Try it → Reproduce the material below only from the line with "Vagueior Recessed Floor" to the line with "DEFENDER USB08-03LT USB(AM)-MicroBM", both included, keeping each line exact and dropping the pictures.

Listed entries →
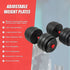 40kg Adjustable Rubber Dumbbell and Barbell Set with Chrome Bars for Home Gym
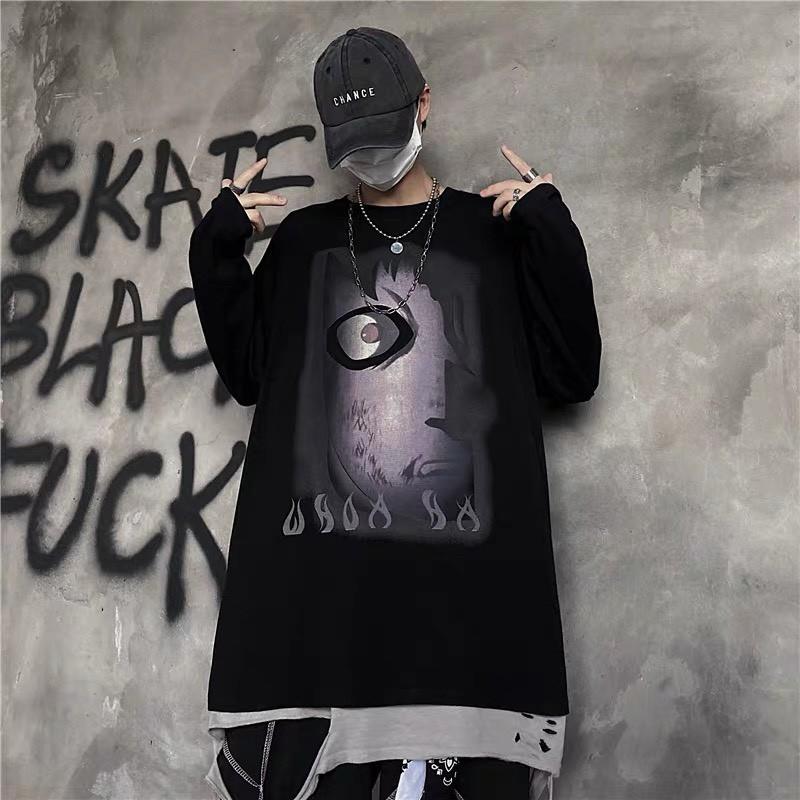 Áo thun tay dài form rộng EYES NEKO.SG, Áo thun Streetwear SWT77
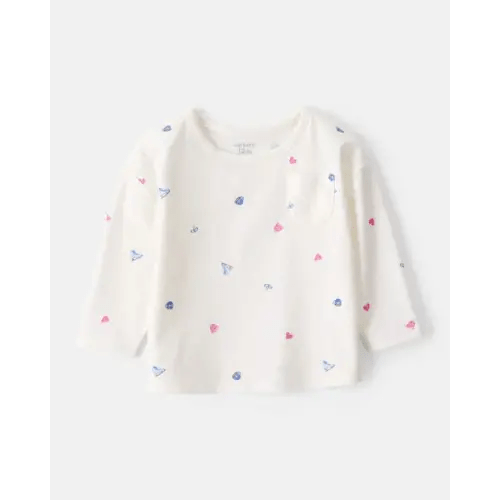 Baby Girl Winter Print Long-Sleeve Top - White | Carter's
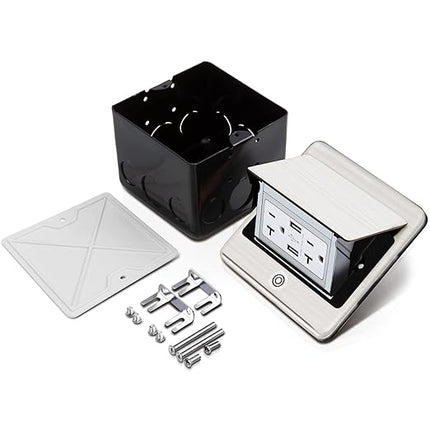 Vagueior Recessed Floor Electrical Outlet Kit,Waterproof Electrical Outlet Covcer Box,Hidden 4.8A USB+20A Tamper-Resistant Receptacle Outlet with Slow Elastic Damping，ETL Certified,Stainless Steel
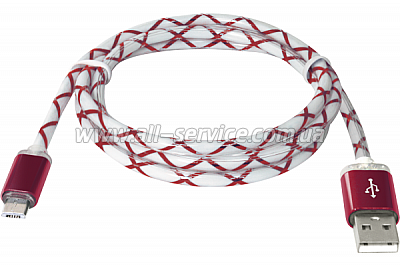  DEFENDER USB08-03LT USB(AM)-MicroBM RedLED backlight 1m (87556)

---

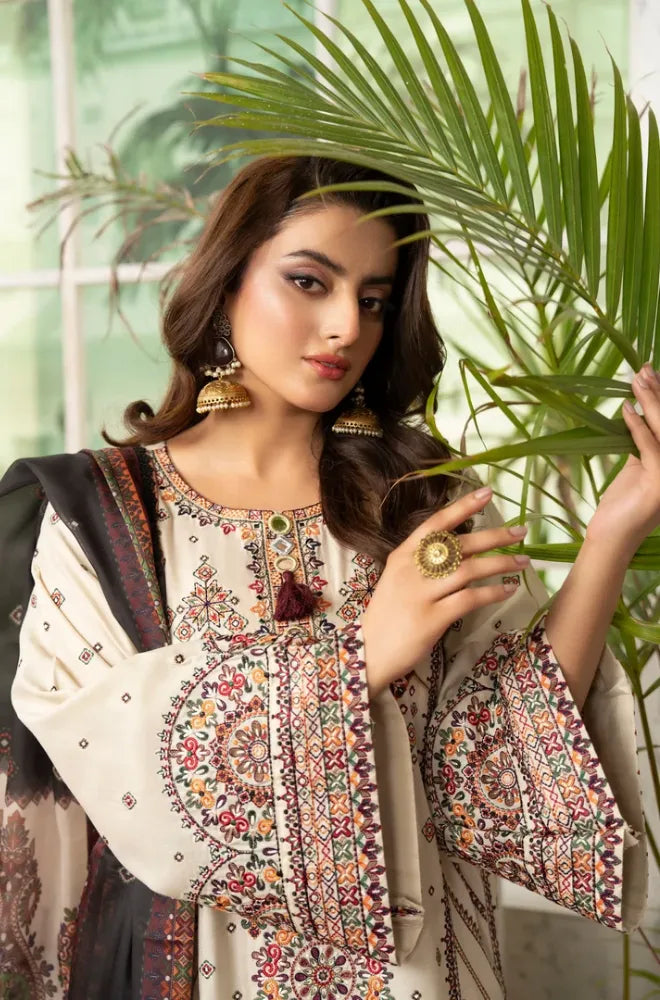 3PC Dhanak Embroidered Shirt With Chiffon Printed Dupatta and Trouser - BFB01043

Problem solution →
 Vagueior Recessed Floor Electrical Outlet Kit,Waterproof Electrical Outlet Covcer Box,Hidden 4.8A USB+20A Tamper-Resistant Receptacle Outlet with Slow Elastic Damping，ETL Certified,Stainless Steel
  DEFENDER USB08-03LT USB(AM)-MicroBM RedLED backlight 1m (87556)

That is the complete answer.